* [Instructions for the task]: Which lines should be repeated? Exactly the one containing "DinoClean RestroomSet - Eco-Friendly" and every line after it through the end of the entries below.

Recorded data
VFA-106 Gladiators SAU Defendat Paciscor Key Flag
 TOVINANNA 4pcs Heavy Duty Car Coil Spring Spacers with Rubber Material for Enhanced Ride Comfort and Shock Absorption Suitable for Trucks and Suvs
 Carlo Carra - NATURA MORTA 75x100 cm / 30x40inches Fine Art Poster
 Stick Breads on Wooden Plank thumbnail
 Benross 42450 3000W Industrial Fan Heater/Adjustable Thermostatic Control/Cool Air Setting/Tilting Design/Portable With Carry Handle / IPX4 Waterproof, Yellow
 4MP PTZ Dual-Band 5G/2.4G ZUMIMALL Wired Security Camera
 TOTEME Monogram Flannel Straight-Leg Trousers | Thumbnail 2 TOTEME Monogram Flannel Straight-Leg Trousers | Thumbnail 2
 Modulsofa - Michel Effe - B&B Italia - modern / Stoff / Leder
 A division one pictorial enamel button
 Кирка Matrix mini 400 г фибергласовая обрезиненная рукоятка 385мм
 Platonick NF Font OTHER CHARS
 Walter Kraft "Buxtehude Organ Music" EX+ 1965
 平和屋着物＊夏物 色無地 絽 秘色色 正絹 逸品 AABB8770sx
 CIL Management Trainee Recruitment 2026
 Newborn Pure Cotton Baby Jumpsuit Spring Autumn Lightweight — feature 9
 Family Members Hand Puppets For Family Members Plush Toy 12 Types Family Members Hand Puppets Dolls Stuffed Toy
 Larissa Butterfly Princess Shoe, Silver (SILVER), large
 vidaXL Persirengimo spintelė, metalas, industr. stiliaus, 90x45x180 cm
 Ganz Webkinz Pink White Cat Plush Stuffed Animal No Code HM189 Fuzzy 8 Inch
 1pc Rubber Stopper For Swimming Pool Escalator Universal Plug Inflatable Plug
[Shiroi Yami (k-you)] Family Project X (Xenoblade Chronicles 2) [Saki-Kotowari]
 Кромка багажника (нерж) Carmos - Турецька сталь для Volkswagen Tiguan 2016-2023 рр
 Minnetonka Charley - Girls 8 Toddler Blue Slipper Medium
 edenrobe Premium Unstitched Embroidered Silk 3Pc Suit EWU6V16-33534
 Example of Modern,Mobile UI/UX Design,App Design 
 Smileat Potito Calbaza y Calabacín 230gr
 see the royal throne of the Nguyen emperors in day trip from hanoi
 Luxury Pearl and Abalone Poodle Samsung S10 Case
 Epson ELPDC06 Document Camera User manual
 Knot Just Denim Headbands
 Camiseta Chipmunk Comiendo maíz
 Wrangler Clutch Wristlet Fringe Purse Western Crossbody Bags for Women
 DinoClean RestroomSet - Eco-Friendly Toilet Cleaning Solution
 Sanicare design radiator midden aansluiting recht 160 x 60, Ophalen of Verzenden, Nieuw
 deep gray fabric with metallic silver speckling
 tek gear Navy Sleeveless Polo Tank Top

* [Output of the exercise]:
 DinoClean RestroomSet - Eco-Friendly Toilet Cleaning Solution
 Sanicare design radiator midden aansluiting recht 160 x 60, Ophalen of Verzenden, Nieuw
 deep gray fabric with metallic silver speckling
 tek gear Navy Sleeveless Polo Tank Top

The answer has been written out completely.